DOI: 10.1007/s101070100290

- Cite this article as:
- Powell, M. Math. Program. (2002) 92: 555. doi:10.1007/s101070100290

## Abstract.

UOBYQA is a new algorithm for general unconstrained optimization calculations, that takes account of the curvature of the objective function, *F* say, by forming quadratic models by interpolation. Therefore, because no first derivatives are required, each model is defined by ½(*n*+1)(*n*+2) values of *F*, where *n* is the number of variables, and the interpolation points must have the property that no nonzero quadratic polynomial vanishes at all of them. A typical iteration of the algorithm generates a new vector of variables, \(\widetilde{\underline{x}}\)_{t} say, either by minimizing the quadratic model subject to a trust region bound, or by a procedure that should improve the accuracy of the model.

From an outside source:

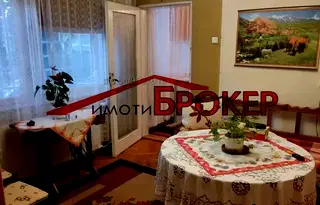 Тристаен апартамент в Сливен, Даме Груев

Then usually *F*(\(\widetilde{\underline{x}}\)_{t}) is obtained, and one of the interpolation points is replaced by \(\widetilde{\underline{x}}\)_{t}. Therefore the paper addresses the initial positions of the interpolation points, the adjustment of trust region radii, the calculation of \(\widetilde{\underline{x}}\)_{t} in the two cases that have been mentioned, and the selection of the point to be replaced. Further, UOBYQA works with the Lagrange functions of the interpolation equations explicitly, so their coefficients are updated when an interpolation point is moved. The Lagrange functions assist the procedure that improves the model, and also they provide an estimate of the error of the quadratic approximation to *F*, which allows the algorithm to achieve a fast rate of convergence. These features are discussed and a summary of the algorithm is given. Finally, a Fortran implementation of UOBYQA is applied to several choices of *F*, in order to investigate accuracy, robustness in the presence of rounding errors, the effects of first derivative discontinuities, and the amount of work. The numerical results are very promising for *n*≤20, but larger values are problematical, because the routine work of an iteration is of fourth order in the number of variables.